All businesses should analyze if they can realistically use laminate in this rating category. If you find out your business has more foot traffic than you ever estimated, AC 5 floors are there for you. Despite being more expensive, they’re designed specifically for what anyone would deem a “large business.”


AC 5 Floors for Very Busy Businesses

Listed as “heavy commercial”, the AC 5 rating is designed for the most intense floor traffic possible. You might think laminate flooring wouldn’t hold up under such traffic. It can when the right amount of wear layer is placed in the product.


Keep in mind AC 5 floors can also be used in residences if the home becomes like Grand Central Station. Perhaps this is uncommon, if maybe not in the work from home era.


Any large business, though, is where these floors will become necessary. In this case, it means malls, department stores, and any type of public building.


How AC 5 Floors Work in Malls


Maybe malls aren’t getting the business they used to, but they still receive more floor traffic than other average businesses. Laminate flooring is sometimes seen in mall walkways, including in certain businesses with rustic ambiances.


With stores lined up along busy mall walkways, any business in a mall is sure to receive more foot traffic than in a standalone location. During the holidays, particularly, the amount of customers walking a laminate floor could give it more wear and tear than it receives normally in a few years.


Yes, the price is usually steeper when buying an AC 5 floor. At least it does pay off over time from having to replace a laminate floor so soon. No mall or mall store wants to disrupt their business because they invested in a flimsier floor when first opening. The cost of having to shut down to replace a worn laminate floor would cost more than the cost of a floor rated AC 5.


Malls are certainly far from businesses receiving the most significant amount of customers at a time.


How AC 5 Floors Work in Department Stores


Sure, department stores are not quite as prevalent as they used to be. This isn’t to say many still don’t exist, including the big corporate stores like Target and Walmart.


These stores need an AC 5 floor as much as malls do. Many of these big-name stores usually have the budgets to invest in AC 5 floors.
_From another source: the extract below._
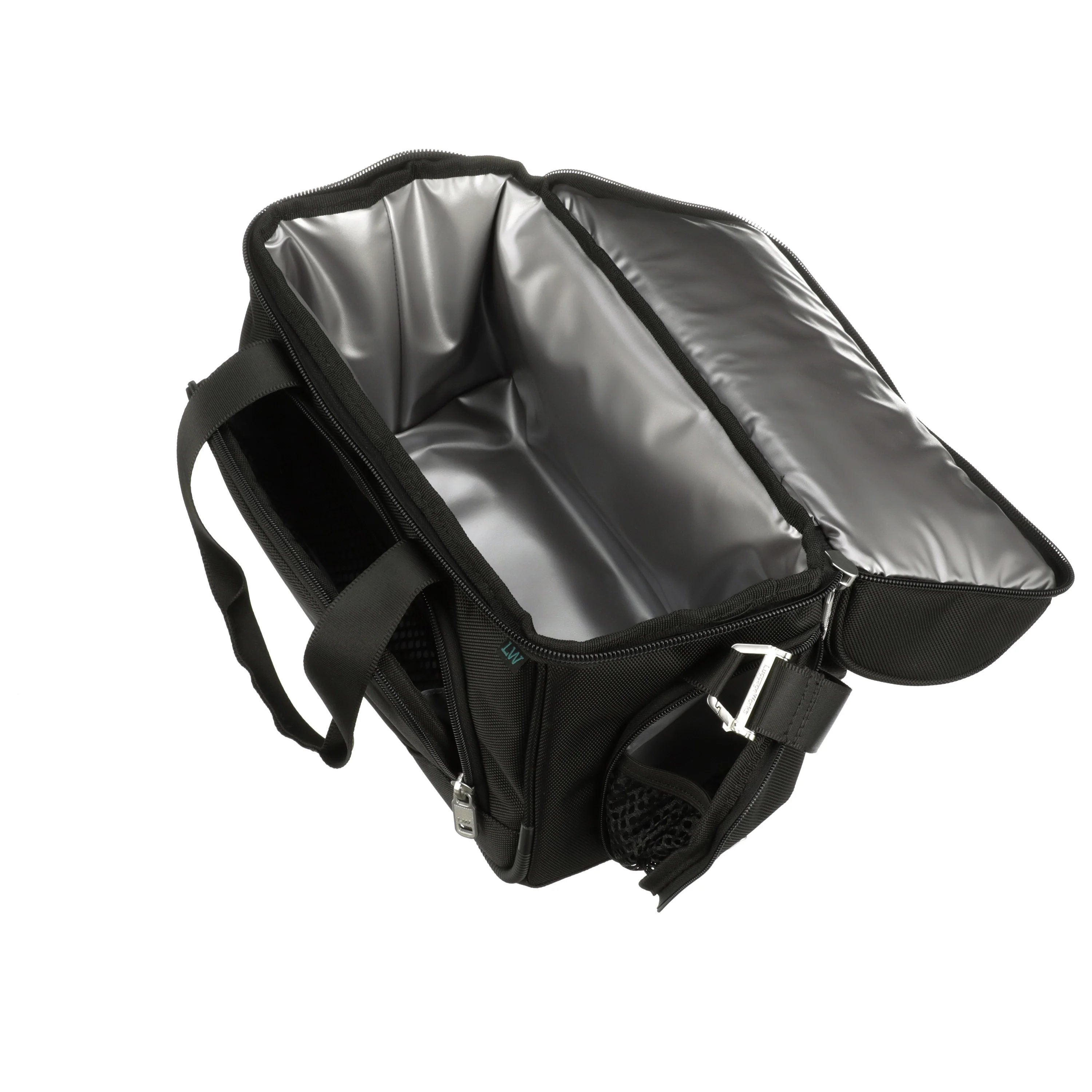 Aurora New Generation - Cooler - Image 62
Some of the smaller department stores still existing maybe don’t have quite the same budget.


Again, a good argument exists to invest in AC 5 floors for stores like this, outside of maybe getting heavy foot traffic only part of the year. In a COVID-19 world, maybe such an investment doesn’t make much sense at the moment. Once the virus is gone, it’s likely to bring a rush of customers back through those department store doors.


Of course, retail businesses like malls and department stores don’t stand alone in being AC 5 floor candidates.


How AC 5 Floors Work in Public Buildings


Using the word “commercial” can sometimes be malleable when it comes to using laminate floors in large buildings. Public buildings fall under the category of gaining heavy floor traffic without necessarily being commercial businesses.


Governmental services would be the best definition here. Employees may be coming and going out of these buildings for long hours every day. Social service buildings would also have clients entering and exiting all week long.


These types of laminate floors are also very abrasive, so they shouldn’t be used if wanting foot comfort. Some homeowners may feel tempted to get this type of floor just so they have the most durable floor available. It’s not really made for residential use and only for floors walked on the most.


Beyond public buildings, these floors could also be used in industrial plants where heavy equipment is used. Certainly not all industrial centers will be using laminate floors, unless part of the building is used for public visitations.


Anything attracting tourists would also apply here, if also hospitals at the most extreme end.